* _Exercise prompt_: Only the lines from the one with "Full Wrap Soft" through the last line of the material below belong in the answer, copied exactly and without pictures.

* _Given records_:
-*-*-
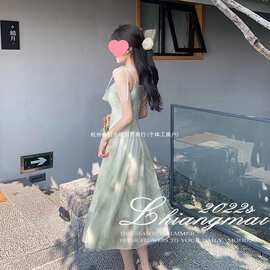 2024韩版夏季新款吊带长裙仙女荷叶边印花无袖气质连衣裙图片色
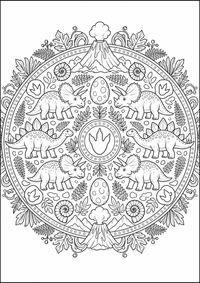 Dinosaurio mandala es un dibujo de mandala para colorear gratis, con contornos negros claros y detalles fáciles de imprimir para niños. Abre el archivo PNG, imprímelo en A4 y úsalo en casa, en el jardín de infancia o en la escuela.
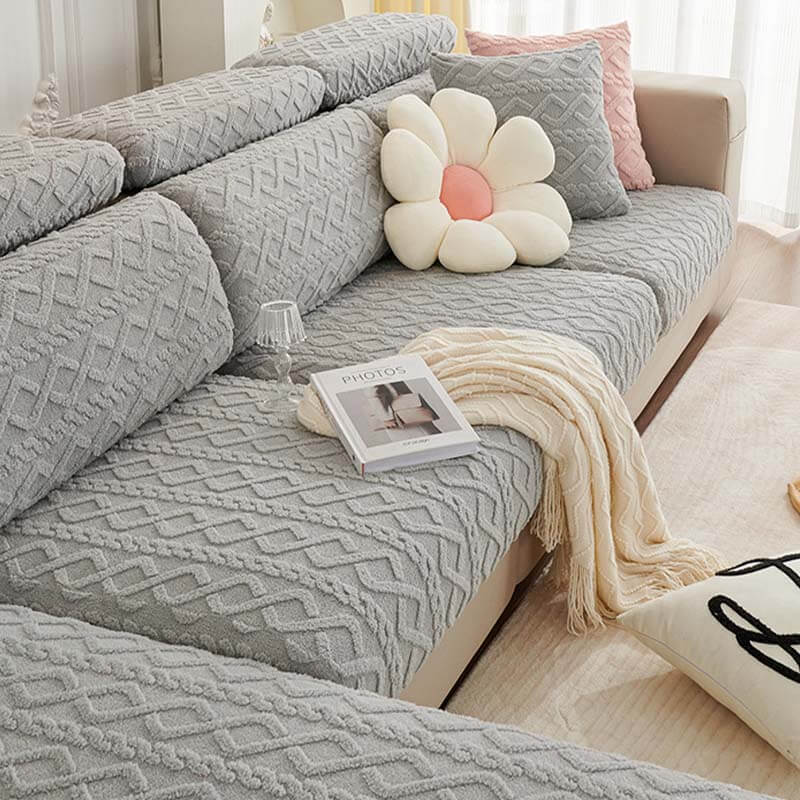 Full Wrap Soft Fleece Stretch Couch Cover for All Seasons | Skanto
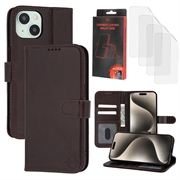 Husă de portofel din piele MyTPhone CardMate pentru iPhone 15 Plus/14 Plus - maro închis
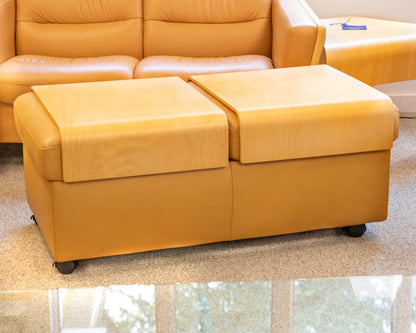 Ekornes Lift Top Storage Ottoman in Camel Leather W/ Maple Tray Tops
-*-*-
* _Exercise result_:
 Full Wrap Soft Fleece Stretch Couch Cover for All Seasons | Skanto
 Husă de portofel din piele MyTPhone CardMate pentru iPhone 15 Plus/14 Plus - maro închis
 Ekornes Lift Top Storage Ottoman in Camel Leather W/ Maple Tray Tops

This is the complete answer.